António de Monserrate descreve-nos depois Peshawar, “cidadela numa colina, mas não fortificada”. Mirza Hakim mantivera-a algum tempo, mas face à aproximação de Acbar retirara apressadamente para as montanhas. Tivera Peshawar outrora uma população de “dois mil cidadãos comuns, além da guarnição”, mas agora nada mais se via além das cinzas, pois todas as casas haviam sido queimadas. Menciona o nosso sacerdote, nos arredores orientais da urbe, a existência de uma comunidade de iogues semelhante “em crença, modo de vida e vestimenta” àqueles que viviam no “monte de Balnatus”. Denominavam-na os locais “colónia de Gorkhatri”, ou seja, “célula de gurus”, outrora mencionada nos escritos de Babur, avô de Acbar. O fundador do império mogol descreve-a como um dos lugares mais sagrados para os iogues hindus, que vindos de grandes distâncias ali cortavam o cabelo e rapavam a barba. Do seu chefe espiritual se dizia ter sido preceptor de Balnatus e o lugar, tão sagrado era que “Deus, o Criador do Universo, modelara o resto do universo a partir dele”. Também aqui Acbar, “de cabelo solto e com as mãos e os olhos erguidos para o céu”, foi reverenciar o eremita acoitado na sua desconfortável caverna.

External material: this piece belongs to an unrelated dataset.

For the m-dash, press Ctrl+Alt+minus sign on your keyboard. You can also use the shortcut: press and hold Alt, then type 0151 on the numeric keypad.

Na verdade, houvera ali originalmente um mosteiro (falamos da época de Kanishka, imperador da dinastia Kushan), e ao longo dos Séculos IX e X ali se fizera a aprendizagem do Budismo. Após a passagem de Acbar, a sua neta, Jahanara Begum, acabaria por convertê-lo num caravanserai, ordenando a construção de uma grande mesquita, uma sauna e dois poços de água, “para conveniência dos viajantes”. Os sikhs, depois de o dotarem com um templo dedicado a Shiva, fizeram dele local de residência e sede oficial do mercenário italiano Paolo Avitabile, excêntrico governador de Peshawar de 1838 a 1842. Típico caravanserai da era mogol, Gorkhatri, “complexo fortificado constituído por uma área de 160 por 160 metros quadrados e com dois portões proeminentes”, encontra-se localizado num dos pontos mais altos de Peshawar e é uma das atracções turísticas desta cidade.